What about alarms that fire but never complete and never fail? The target might hang, or the completion callback might have a bug. A 60-second sweep catches these:

def handle_info(:sweep_timeouts, state) do
  # Find alarms fired > 5 minutes ago with no completion
  stale = Sqler.sql(state.alarmdb, """
    SELECT id, updated_at FROM alarm
    WHERE started_at IS NOT NULL
      AND started_at < ?
      AND completed_at IS NULL AND cancelled_at IS NULL
      AND (result IS NULL OR ...)
  """, [now - 300])

  for [id, updated_at] <- stale do
    Sqler.update(state.alarmdb, "alarm", %{
      id: id, updated_at: updated_at, result: "timeout_unknown"
    })
  end

  Process.send_after(self(), :sweep_timeouts, 60_000)
end

Simpler than per-alarm timeout timers. One sweep catches everything.

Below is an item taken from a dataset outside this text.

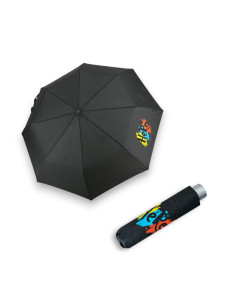Mini Light Kids Black Hero dětský deštník | Doppler CZ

Avoiding the Self-Call Deadlock

The new query functions (history/1, stats/0, failed/1) are GenServer calls. But WebSocket handlers are also GenServer calls (Alarm registers with WsRegistry). If a WS handler called Alarm.history(), it would deadlock — the process would be waiting on itself.

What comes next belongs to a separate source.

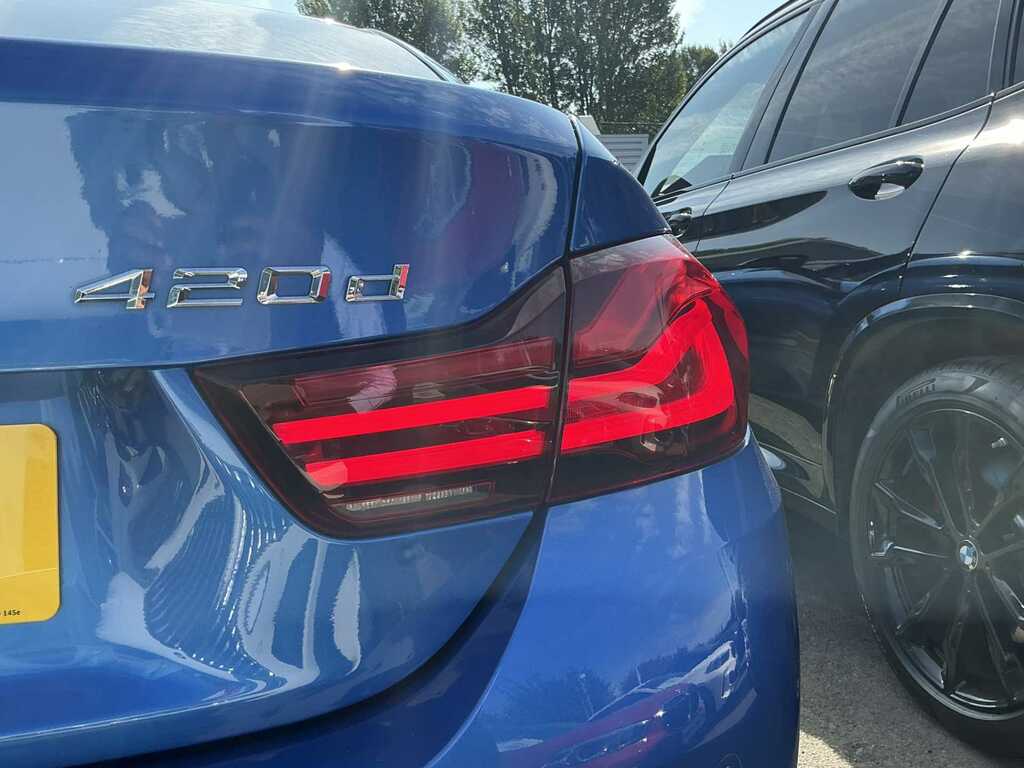 BMW 4 Series Gran Coupe 420D 190 Xdrive M Sport Prof Media Blue #6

The solution: private do_* functions that operate directly on state:

# Public API (for external callers)
def history(opts), do: GenServer.call(__MODULE__, {:history, opts})

# GenServer handler
def handle_call({:history, opts}, _from, state) do
  {:reply, do_history(state, opts), state}
end

# WS handler (same process, no GenServer.call)
def handle_call({:ws, "history", args}, _from, state) do
  opts = ws_args_to_opts(args)
  {:reply, do_history(state, opts), state}
end

# Shared logic
defp do_history(state, opts) do
  # ... build query, execute, map results ...
end

Both paths use do_history/2. No deadlock.

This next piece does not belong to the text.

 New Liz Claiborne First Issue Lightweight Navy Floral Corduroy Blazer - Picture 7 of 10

Provenance: Who Scheduled This?

Every alarm can now carry created_by (user ID) and created_via (transport: “mcp”, “rest”, “iex”). The MCP server passes these automatically:

# In my_mcp_server.ex
def handle_tool_call("pushover_schedule", args, state) do
  user = get_user(state)
  opts = [created_by: to_string(user.id), created_via: "mcp"]
  Permissions.Platform.pushover_schedule(perms, args, opts)
end

When debugging why an alarm fired at 3 AM, you can now see who scheduled it and through which interface.

Dashboard Visibility

Two new MCP tools expose alarm data:

alarm_history — query with filters: status, process, since, limit
alarm_stats — aggregate counts: total, pending, fired, completed, failed, cancelled, avg duration

Monitor’s services section now includes stats and the 5 most recent failures, visible in the system dashboard without needing to query directly.

The Retired Scheduler

While upgrading Alarm, we also deleted lib/scheduler.ex — a module that was never started in the supervision tree, had bugs, and had zero callers. Its Sqler instance ({Sqler, name: "scheduler", register: :scheduler}) was removed from the application and Monitor’s database list. Dead code, gone.

What’s Next

Per-module completion reporting — currently only Pushover reports back. Any GenServer that receives alarm-scheduled messages could do the same by checking for :alarm_id in the payload.
Alerting on failure rates — the stats infrastructure is there; a threshold check in the sweep could trigger a Pushover notification when failure rates spike.
Retry for specific error types — currently retries on any delivery failure. Could be smarter: retry on :noproc (process restarting), don’t retry on serialization errors.

The Alarm module went from “I hope that worked” to “I can tell you exactly what happened, when, how long it took, and what went wrong.” That’s the difference between a scheduler and an observable system.